The venom from brown recluse spider bites can cause the death or decay of a victim's tissue. This is known as necrosis. After suffering a bite, a person can develop open ulcers that sometimes become quite large. However, it is important to note that not all brown recluse bites result in the formation of these sores.

In fact, sometimes people mistakenly think that a necrotic wound on their skin is the result a brown recluse bite, but they may not actually have been in contact with a brown recluse.

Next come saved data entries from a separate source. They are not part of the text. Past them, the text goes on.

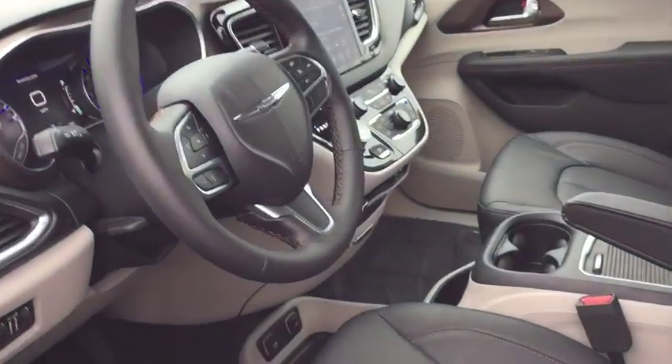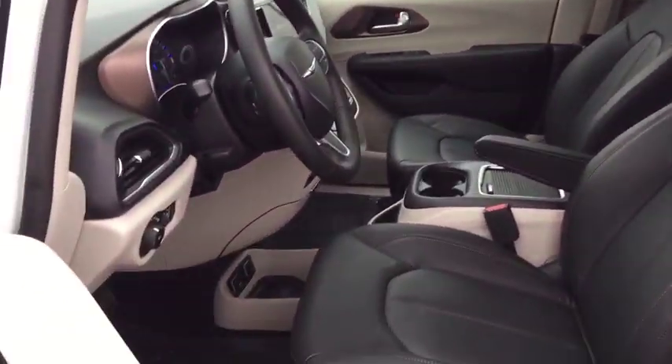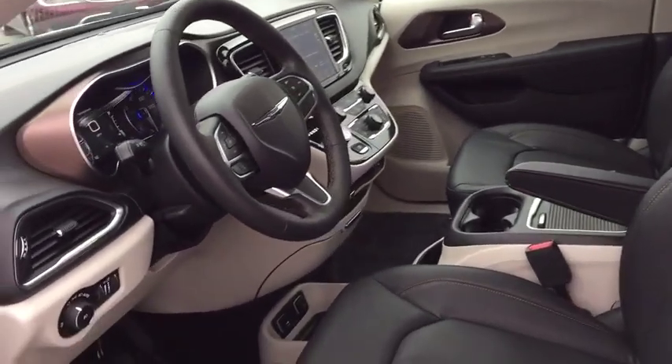Leather wrapped steering wheel, adjustable steering wheel, power steering, four-wheel disc brakes, floor mats, keyless start, auto dimming rear view mirror, aluminum wheels.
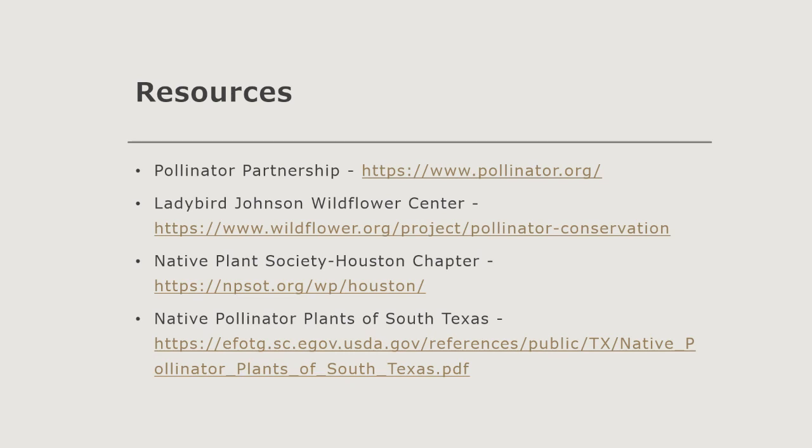Thank you Paul, and join us in two weeks when Shannon talks about soil testing — covering how to do it, when to do it, where to send it, and how to interpret the results when you get them back. If you haven't signed up, go ahead and do that. We'll see you back in two weeks. Thanks everyone, have a great day.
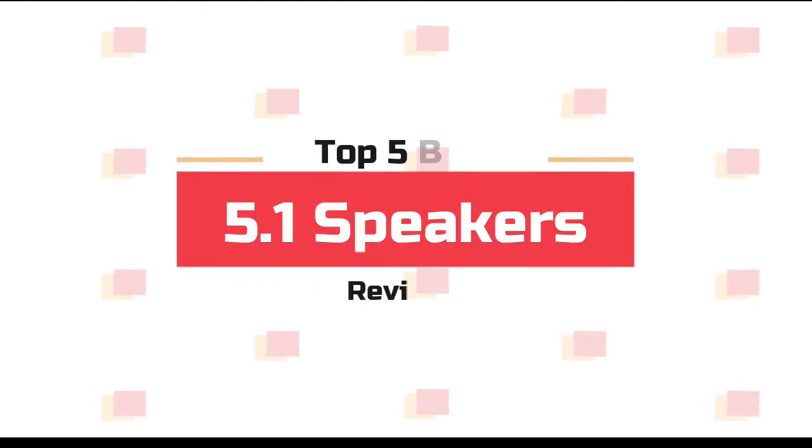What's up guys! Now you are watching Top 5 Best 5.1 Speakers.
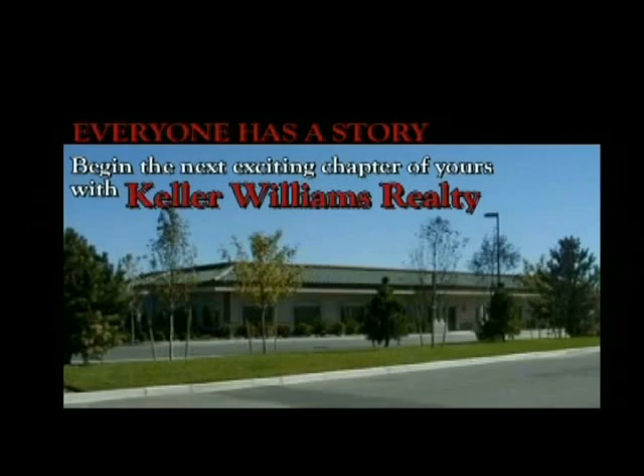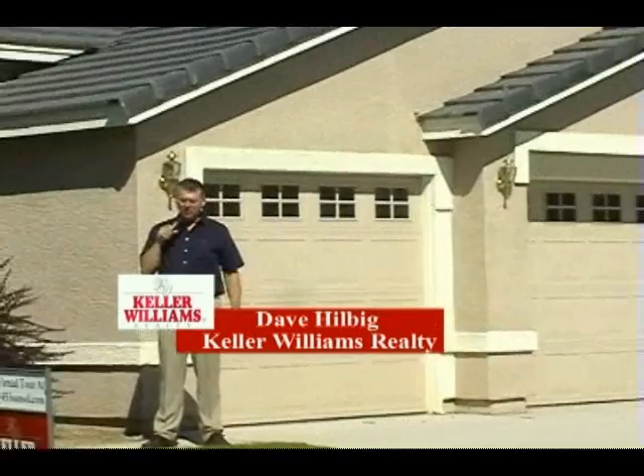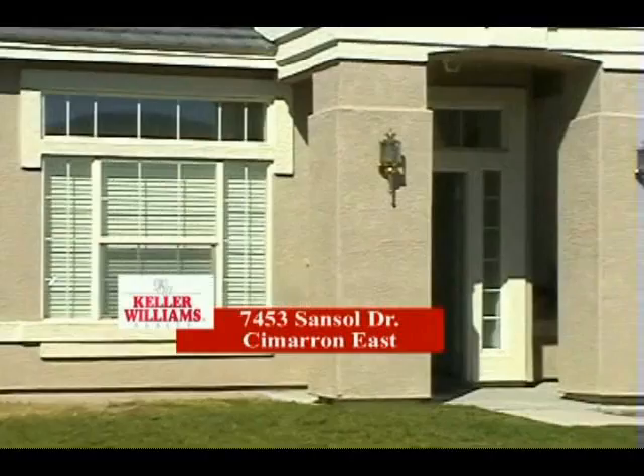Now let's find your dream home with Real Estate Showcase. Everyone has a story — begin the next chapter of yours with Keller Williams Real Estate. Hi, I'm Dave Hilbig and I want to welcome you to this beautiful stucco home in Spanish Springs, Nevada, just located north of Wingfield Springs. Come on in and we'll take a quick look around.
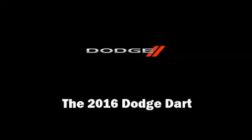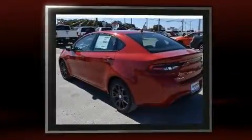Outstanding design defines the 2016 Dodge Dart. This four-door, five-passenger sedan offers the features and options for which you've been searching.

These types of lesions are referred to as brown recluse spider cancer.

However, there are other causes of these types of wounds, including certain diseases and the bites of other arthropods or insects. This level of skin irritation can develop from such things as Lyme disease, a staph infection, cancer, or flesh-eating bacteria. Likewise, the bite or sting from a scorpion, bee, or ant can also result in flesh wounds.

If you or someone else observes these kinds of wounds or experiences symptoms similar to those resulting from a brown recluse bite (such as nausea, muscle pain, fever, itching, or convulsions), seek medical attention right away. If possible, take the spider along for identification purposes. Even if these symptoms seem to occur due to something other than a brown recluse bite, it is important to seek immediate medical care. A doctor will make a diagnosis and determine the best course of treatment.